• Work task:
Please report every line in the entries that contains the string "This".

• Supplied records:
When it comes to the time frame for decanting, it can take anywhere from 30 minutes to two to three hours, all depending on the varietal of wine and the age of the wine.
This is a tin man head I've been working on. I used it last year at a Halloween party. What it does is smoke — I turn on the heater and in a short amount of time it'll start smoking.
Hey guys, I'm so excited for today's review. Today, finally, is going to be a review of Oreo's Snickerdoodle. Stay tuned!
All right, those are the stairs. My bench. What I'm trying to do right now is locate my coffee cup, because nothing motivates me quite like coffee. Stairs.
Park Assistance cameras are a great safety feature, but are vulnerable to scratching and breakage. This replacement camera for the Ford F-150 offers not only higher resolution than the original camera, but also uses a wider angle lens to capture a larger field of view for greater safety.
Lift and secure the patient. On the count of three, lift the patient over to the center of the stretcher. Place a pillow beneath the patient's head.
...
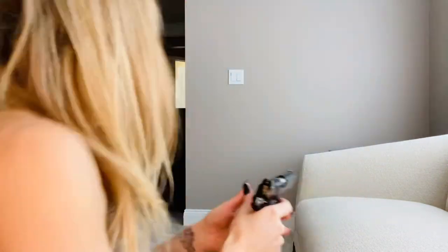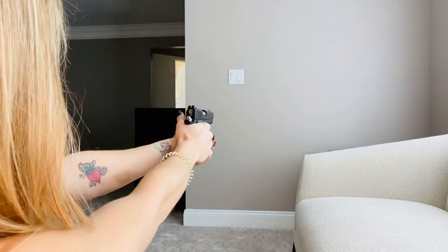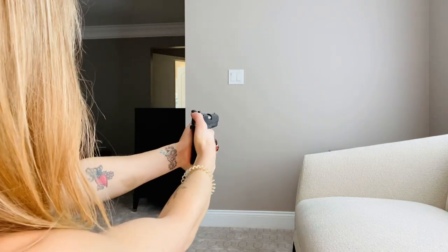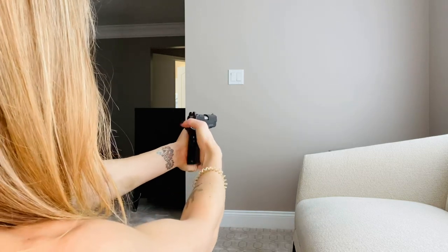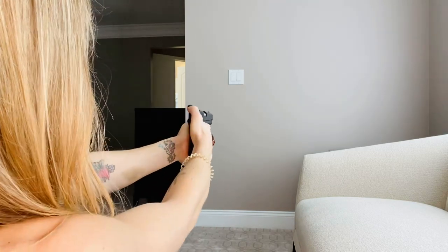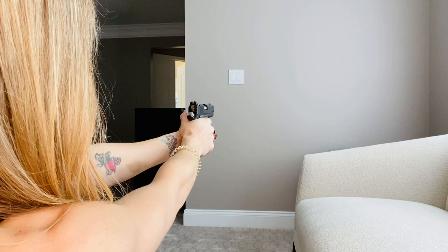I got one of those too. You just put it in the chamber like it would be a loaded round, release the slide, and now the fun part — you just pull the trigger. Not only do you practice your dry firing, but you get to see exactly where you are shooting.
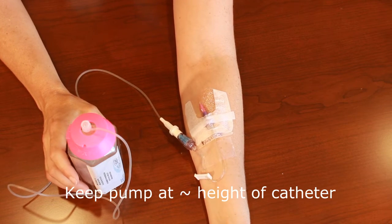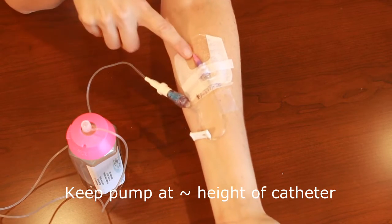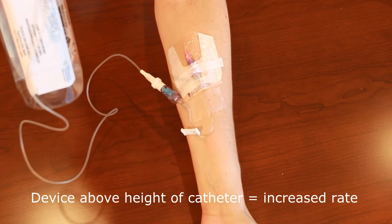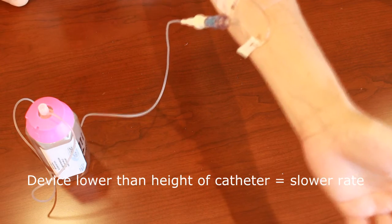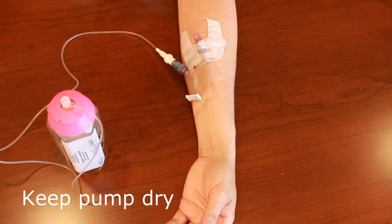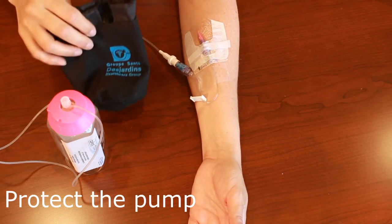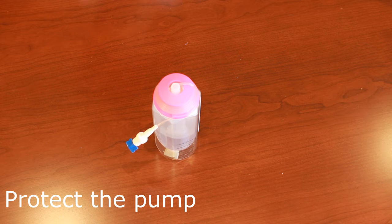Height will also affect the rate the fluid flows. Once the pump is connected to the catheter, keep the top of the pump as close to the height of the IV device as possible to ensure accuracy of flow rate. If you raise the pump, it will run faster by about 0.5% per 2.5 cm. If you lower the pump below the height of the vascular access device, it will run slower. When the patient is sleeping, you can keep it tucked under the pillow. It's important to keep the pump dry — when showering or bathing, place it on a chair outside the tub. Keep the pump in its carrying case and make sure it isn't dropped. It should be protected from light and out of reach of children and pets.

• Exercise result:
This is a tin man head I've been working on. I used it last year at a Halloween party. What it does is smoke — I turn on the heater and in a short amount of time it'll start smoking.
Park Assistance cameras are a great safety feature, but are vulnerable to scratching and breakage. This replacement camera for the Ford F-150 offers not only higher resolution than the original camera, but also uses a wider angle lens to capture a larger field of view for greater safety.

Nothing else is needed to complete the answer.